Actually 'find' will also stat each entry no matter what.
Many of the standard-tools that most people would intuitively expect to be rather optimized (find, rsync, gzip) are embarrassingly inefficient under the hood and turn belly up when confronted with data of any significant size.
That probably stems from the fact that most of the development on these tools took place during a time when 1GB harddrives were "huge" and SMP was "high end".
The only issue I'm aware of with gzip is actually in zlib, where it stored 32-bit byte counters, but those were strictly optional and it works fine with data that overflowed them. The zlib window size may be only 32k, but bzip2 doesn't do that much better with 900k and a better algorithm, so I wouldn't consider it embarrassingly inefficient.
How do you tell a file from a directory without stat()ing it? The d_type field is not portable. Since find and other tools like it need to recursively descend a directory tree, a stat() for each file to determine its type is unavoidable.

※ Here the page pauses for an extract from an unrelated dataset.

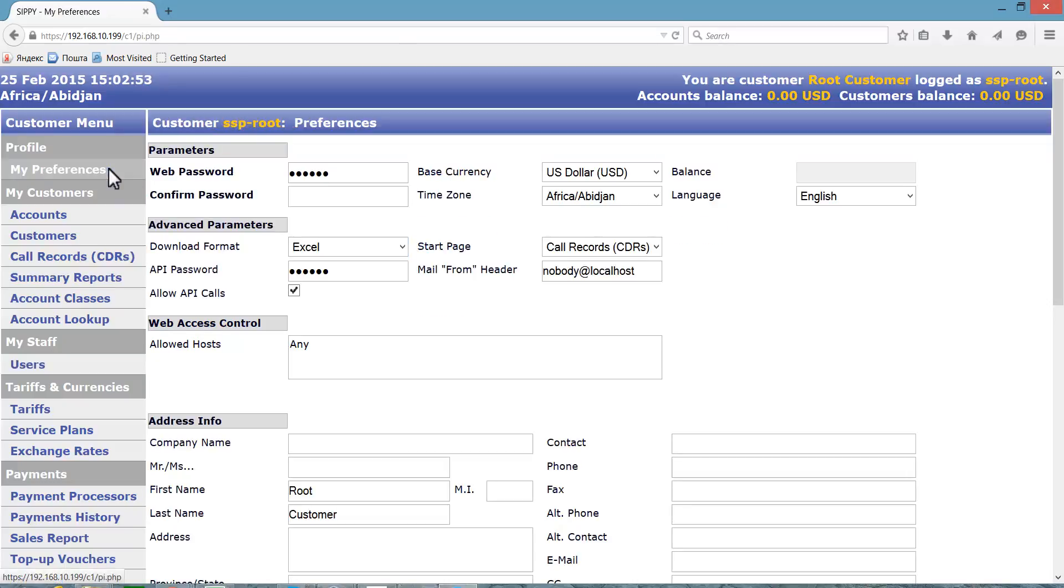We need to select Base Currency for the system. This is the currency the system will use to store all financial information such as CDRs.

But times have changed, and development isn't dead. Why haven't they been updated? The optimizations you imply are often straightforward and well-understood; not major undertakings to implement.
"But times have changed, and development isn't dead. Why haven't they been updated?"
Maybe because listing 8M files is not a common use case, and there just isn't the motivation to update otherwise perfectly working code. It's not an itchy problem.
Many of the standard-tools that most people would intuitively expect to be rather optimized (find, rsync, gzip) are embarrassingly inefficient under the hood and turn belly up when confronted with data of any significant size.
That probably stems from the fact that most of the development on these tools took place during a time when 1GB harddrives were "huge" and SMP was "high end".